The Massive scale of operations during the Great War demanded the enlargement of the honour system and several new orders and decorations were instituted. The "mentioned" remained part of the system but it was not favoured by the Canadian Expeditionary Force and certainly not by the men largely because there was no real material reward involved. More Canadians received the Military Medal than were mentioned in despatches.
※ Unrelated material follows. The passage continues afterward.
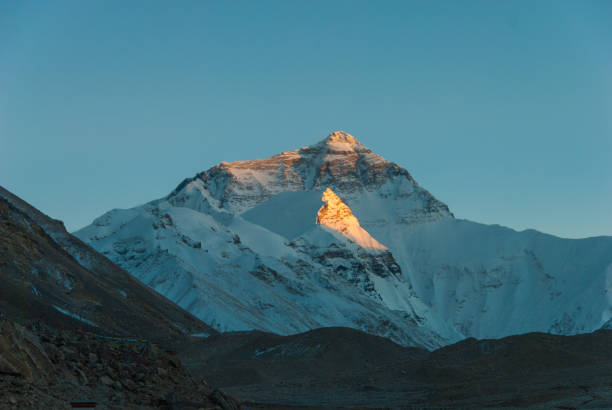 istock Mt. Everest sunset, Tibet 1359782147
Names brought to notice of the secretary of State for War (A and B Lists)

A List
In January 1917, the recipients of a new award were listed in the London Gazette. This was a list of persons who were "brought to notice of the Secretary of State for War for distinguished services in connection with the war". This award was generally for services on the home front, for services not in the face of the enamy and for services whilst prisoners of war. These were what came to be called "A List" and was the equivalent in all respects to a mention in despatches and the people on this list had their names published in the London Gazette.

B List
There was another "brought to notice" list usually shown as "for valuable service" as opposed to "distinguished service" both in England and Canada initiated during the War and this list was refered to as the "B List" or Press Mentions. These people on the "B List" had their names published in The London Times only and were not Gazetted.


In May 1919, Army Order 166 authorized the award of a certificate for everyone who was "mentioned in despatches" or had their "name brougt to notice" (A List). A seperate certificate was issued for each A List award or mention and all individuals received a note in their file. People who had press mentions only (B list) were not issued certificates but did receive recognition by virtue of an entry in their record of service.
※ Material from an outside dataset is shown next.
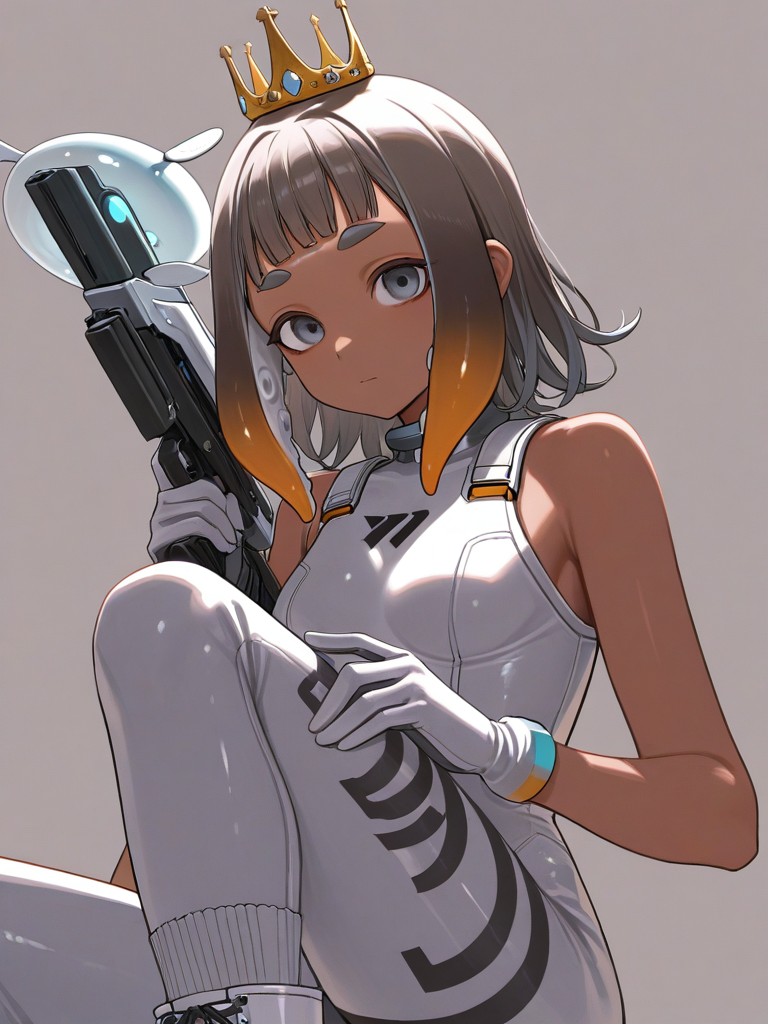 Pearl Drone (Splatoon) — Splatoon (Series) character card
In January 1920, Army Order 3, authorized a bronze "oak leaf" to be issued to those who had been mentioned in the late war between August 4, 1914 and August 10, 1920. It was to be worn on the ribbon of the Victory Medal or, on the ribbon of the War Medal if no Victory Medal had been issued. Only one emblem could be worn no matter how often one had been mentioned and if no medals had been issued, as in the case of civilians, then it was worn directly on the lapel of the jacket. Those who had their "names brought to notice" (A List" were also eligible to were the "oak leaf". The A list "name brought to notice" was equal in all respects to a "mentioned in despatches". The B List "name brought to notice" were NOT eligible to wear the oak leaf.

The emblem worn on the full sized medal was 1.375" by .375" (34.5 x 9.5 mm) and was to be worn in the centre of the ribbon on a sixty (60) degree anglr with the stem to the wearer's right . When service dress ribbons only were worn, a smaller emblem, 1.0" by .250" (25.4 x 6.4 mm), was worn centred on, and straight across the medal ribbon. Both issues were secured to the ribbon by "bend over" pins on the back of the emblem. Various strikes of these emblems exist, some with finer details than others and small replicas were made for wear with miniature medals.


The question is often asked as to the existence of citations for MID's and the short answer to that is no. It would appear obvious that to be mentioned at all, someone would have to do something "gallant" in order to be included in the any after battle report. Certainly there were no citations forewarded as in the cases of the Victoria Cross, Military Crosses, Distinguished Conduct Medals and in many cases Military Medals. The battle reports which filtered up the chain of command were combined and amalgamated until, in the case of the CEF, it reached Sir Douglas Haig's report to the King. In this report, mentions were reduced to a simple "submitted names-deserving of special mention". It is therefore difficult to determine just where a description would be dropped in favour of a name only. If an MID citation ever existed, one of the most promising places to look would be the individual's battalion war diary. These were the responsibility of the Regimental Adjutant. If they were not recorded there, it is likely that the description of the actual act has been lost forever.